> **SOURCE RECORDS**:
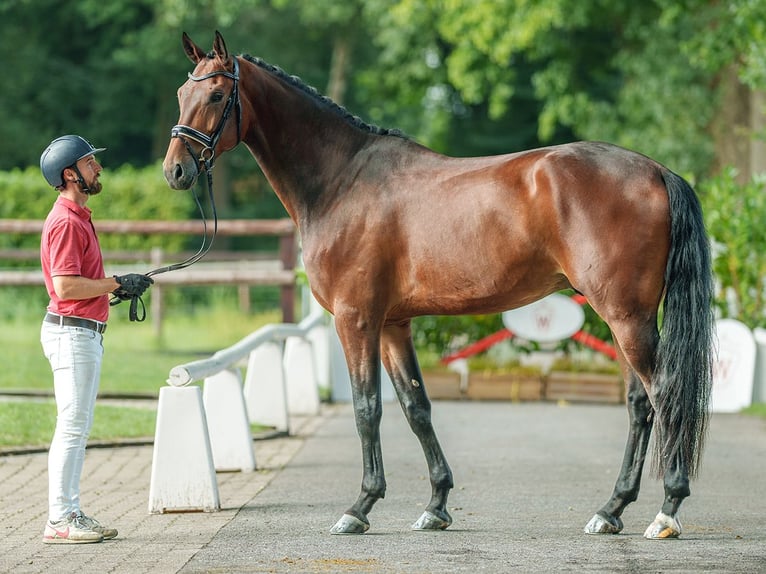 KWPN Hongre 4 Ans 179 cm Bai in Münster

...

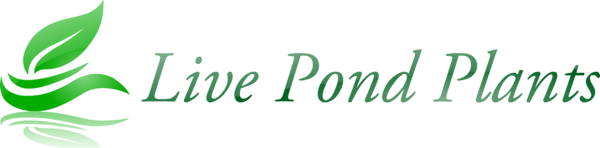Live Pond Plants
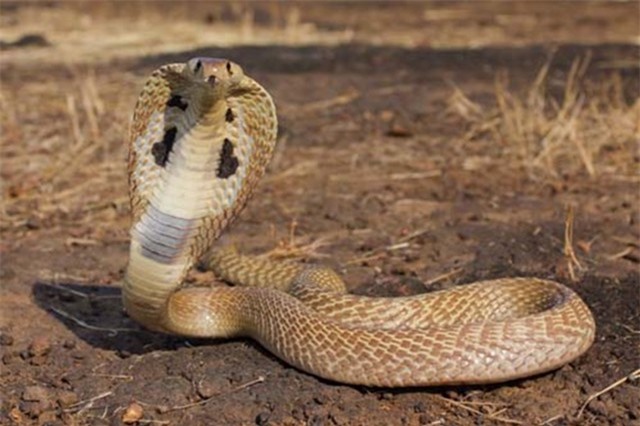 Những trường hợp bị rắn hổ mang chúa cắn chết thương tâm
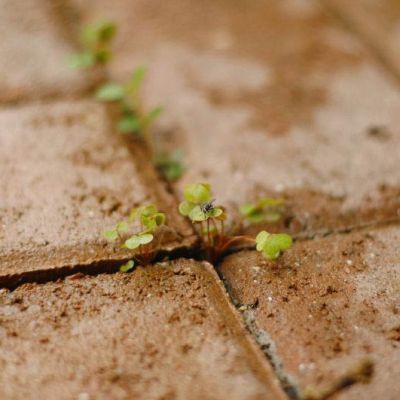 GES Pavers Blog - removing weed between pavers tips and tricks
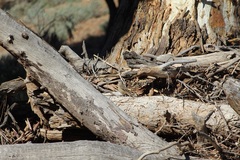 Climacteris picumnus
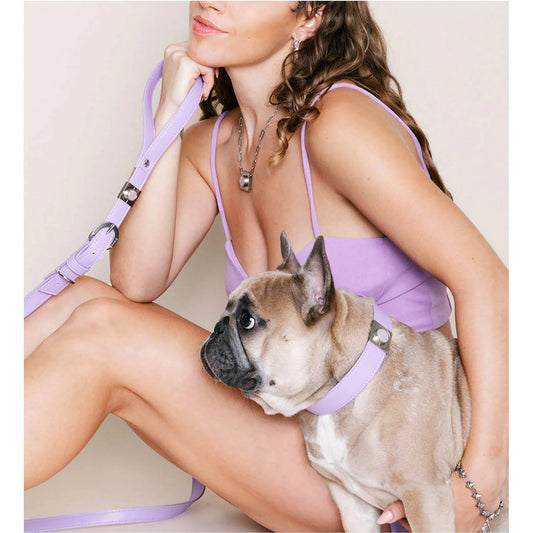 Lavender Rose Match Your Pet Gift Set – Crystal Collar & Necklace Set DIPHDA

==

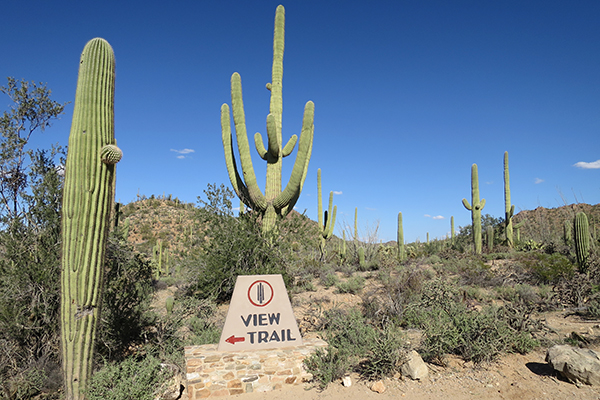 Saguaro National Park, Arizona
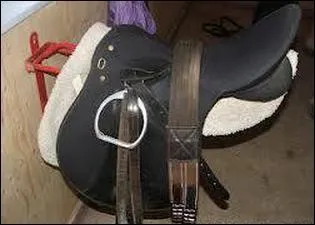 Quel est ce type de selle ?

> **WHAT YOU WILL DO**: Give the lines above again exactly, from the one containing "Live Pond Plants" to the one containing "Lavender Rose Match", both included, but leave out the pictures.

> **EXPECTED ANSWER**:
Live Pond Plants
 Những trường hợp bị rắn hổ mang chúa cắn chết thương tâm
 GES Pavers Blog - removing weed between pavers tips and tricks
 Climacteris picumnus
 Lavender Rose Match Your Pet Gift Set – Crystal Collar & Necklace Set DIPHDA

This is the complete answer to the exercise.